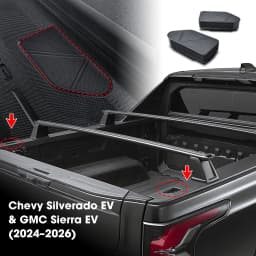 Bed Rail Stake Pocket Covers for Chevrolet Silverado EV/GMC Sierra EV 2026 2025 2024 Truck Bed Rail Hole Plugs Pocket Caps Cover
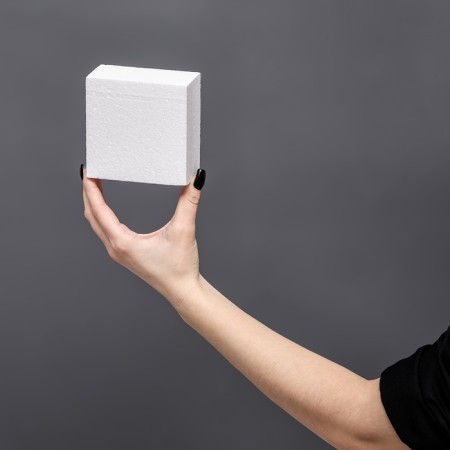 Floristic base of foam "Square", 10 x 5 cm-4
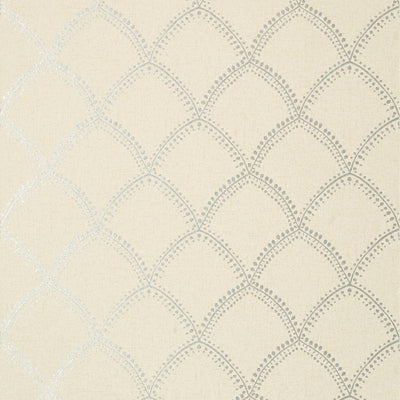 Anna French wallcovering, Burmese pattern , Metallic Pewter , Neutral color, Geometric,Trellis , Lattice style type , pattern number  AT7907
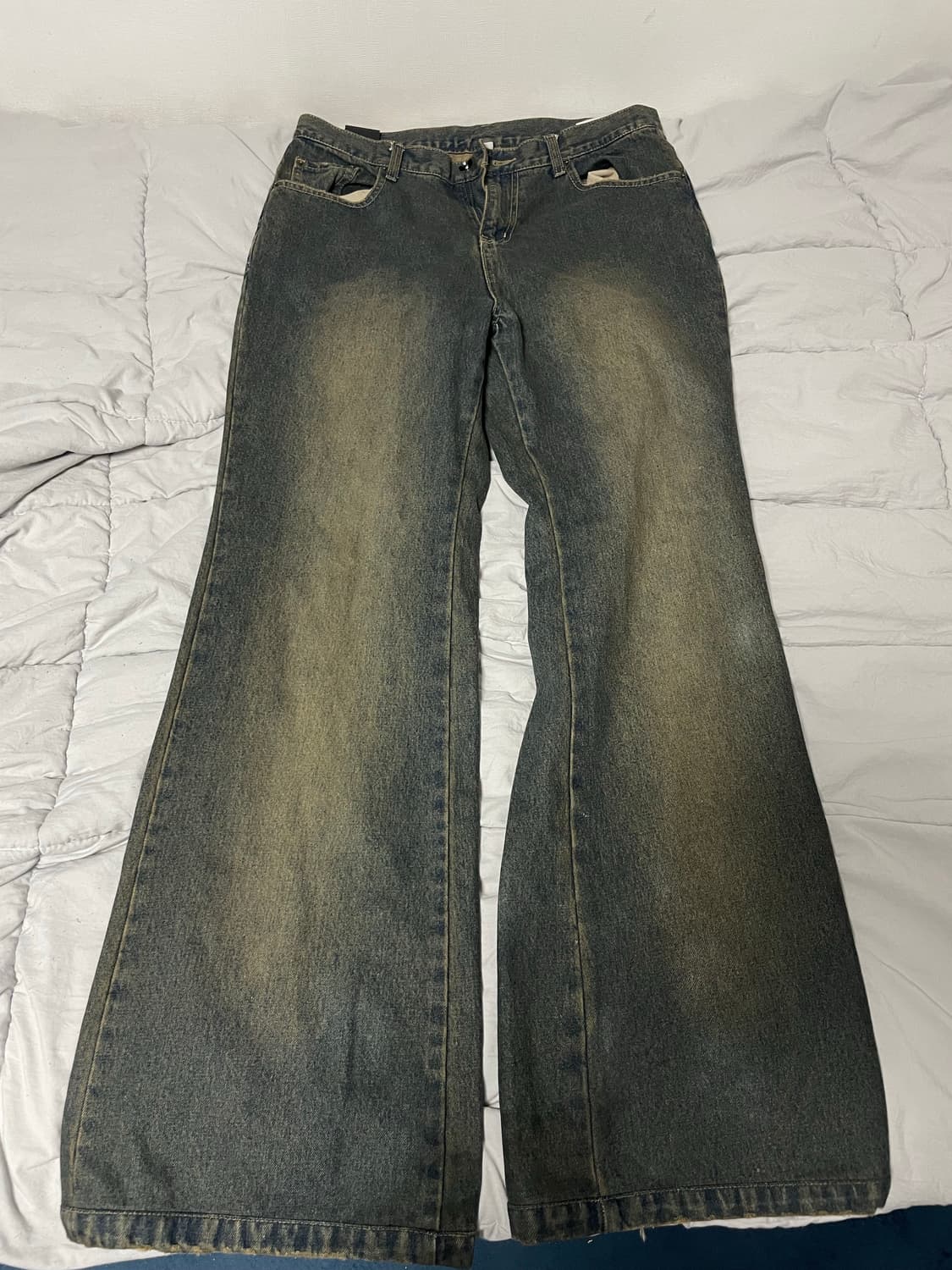 노이어 디스트로이드 플레어 데님 팬츠 50 상품이미지4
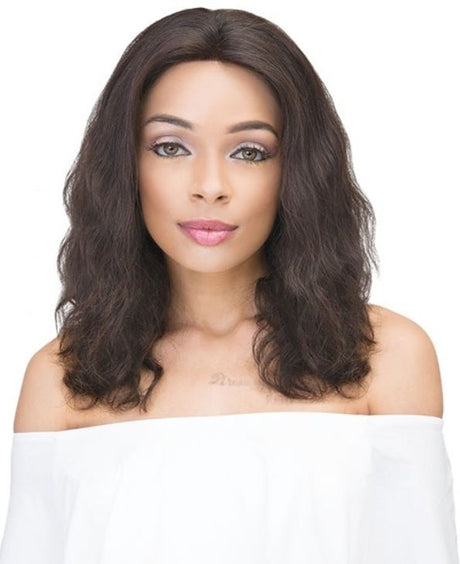 Janet Collection 100% Natural Virgin Remi Human Hair 360 LACE NATURAL WIG 14 - 26 Inch - Hollywood Beauty STL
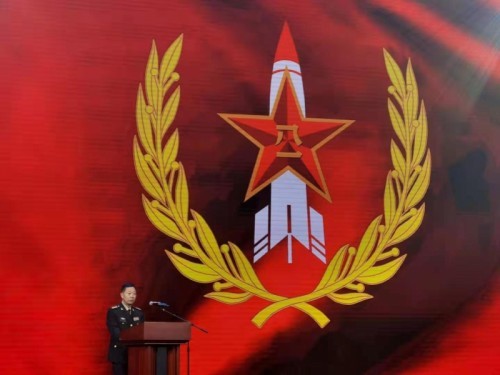 火箭军旗帜图片图片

WORK INSTRUCTION: What is needed is an exact retyping of the lines from the start of the data through the line with "Floristic base of", with both end lines kept and every picture left out.

WORKED SOLUTION:
 Bed Rail Stake Pocket Covers for Chevrolet Silverado EV/GMC Sierra EV 2026 2025 2024 Truck Bed Rail Hole Plugs Pocket Caps Cover
 Floristic base of foam "Square", 10 x 5 cm-4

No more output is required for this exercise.